PL Perspectives

Perspectives on computing and technology from and for those with an interest in programming languages.

This blog has had several recent posts about program synthesis, the task of automatically generating a program that does what we want. Synthesis is an exciting technique on the cutting edge of programming language design and implementation. In this post, I want to get concrete and show what’s involved in building a synthesis tool. By the end of this post, we’ll have a tool that can synthesize simple arithmetic expressions.

Getting started with Rosette

There are several great off-the-shelf frameworks for program synthesis, including the original Sketch language. For this post, we’re going to use Rosette, a language developed by Emina Torlak at UW, that adds synthesis and verification support to the Racket programming language. The nice thing about Rosette is that it’s an extension of Racket, so we’ll be able to use many of Racket’s nice features (like pattern matching) while building our synthesizer.
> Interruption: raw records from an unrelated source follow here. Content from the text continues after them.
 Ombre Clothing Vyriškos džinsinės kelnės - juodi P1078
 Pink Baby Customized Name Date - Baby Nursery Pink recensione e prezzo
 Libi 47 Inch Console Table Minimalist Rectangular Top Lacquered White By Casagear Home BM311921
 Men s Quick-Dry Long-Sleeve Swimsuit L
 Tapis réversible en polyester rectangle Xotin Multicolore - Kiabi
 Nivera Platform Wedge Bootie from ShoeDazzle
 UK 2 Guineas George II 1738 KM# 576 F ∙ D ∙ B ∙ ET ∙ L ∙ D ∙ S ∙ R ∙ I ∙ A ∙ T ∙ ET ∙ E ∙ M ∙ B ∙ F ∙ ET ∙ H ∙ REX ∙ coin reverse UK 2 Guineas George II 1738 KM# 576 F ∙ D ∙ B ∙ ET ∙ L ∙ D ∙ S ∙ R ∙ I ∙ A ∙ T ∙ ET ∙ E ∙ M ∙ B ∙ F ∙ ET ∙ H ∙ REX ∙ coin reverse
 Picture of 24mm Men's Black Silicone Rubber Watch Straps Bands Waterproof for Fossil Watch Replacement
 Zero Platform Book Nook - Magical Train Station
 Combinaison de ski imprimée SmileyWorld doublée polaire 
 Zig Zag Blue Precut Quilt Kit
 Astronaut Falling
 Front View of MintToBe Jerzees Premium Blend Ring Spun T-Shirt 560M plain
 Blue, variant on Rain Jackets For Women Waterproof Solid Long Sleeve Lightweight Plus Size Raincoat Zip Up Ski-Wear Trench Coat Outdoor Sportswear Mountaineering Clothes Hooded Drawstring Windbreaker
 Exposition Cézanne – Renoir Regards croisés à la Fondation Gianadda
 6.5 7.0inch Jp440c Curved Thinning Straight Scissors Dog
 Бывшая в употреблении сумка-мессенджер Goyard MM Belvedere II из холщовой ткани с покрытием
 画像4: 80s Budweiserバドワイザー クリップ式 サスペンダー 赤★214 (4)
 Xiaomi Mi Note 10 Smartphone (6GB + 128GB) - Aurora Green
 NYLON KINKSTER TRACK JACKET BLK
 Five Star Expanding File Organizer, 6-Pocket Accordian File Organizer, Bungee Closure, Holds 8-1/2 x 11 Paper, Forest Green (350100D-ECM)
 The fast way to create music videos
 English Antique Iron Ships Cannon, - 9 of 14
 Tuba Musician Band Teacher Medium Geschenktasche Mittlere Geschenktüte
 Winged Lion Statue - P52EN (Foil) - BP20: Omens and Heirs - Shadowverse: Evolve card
Following along: the code for this post is available on GitHub. If you’d like to follow along, you’ll need to install Racket and Rosette. Then you’ll be able to run Rosette programs either with the DrRacket IDE or the racket command-line interpreter.

Rosette’s key feature is programming with, and solving, constraints. In a Rosette program, some variables have unknown values we call symbolic constants. Rosette automatically determines the values of these constants according to the constraints we write.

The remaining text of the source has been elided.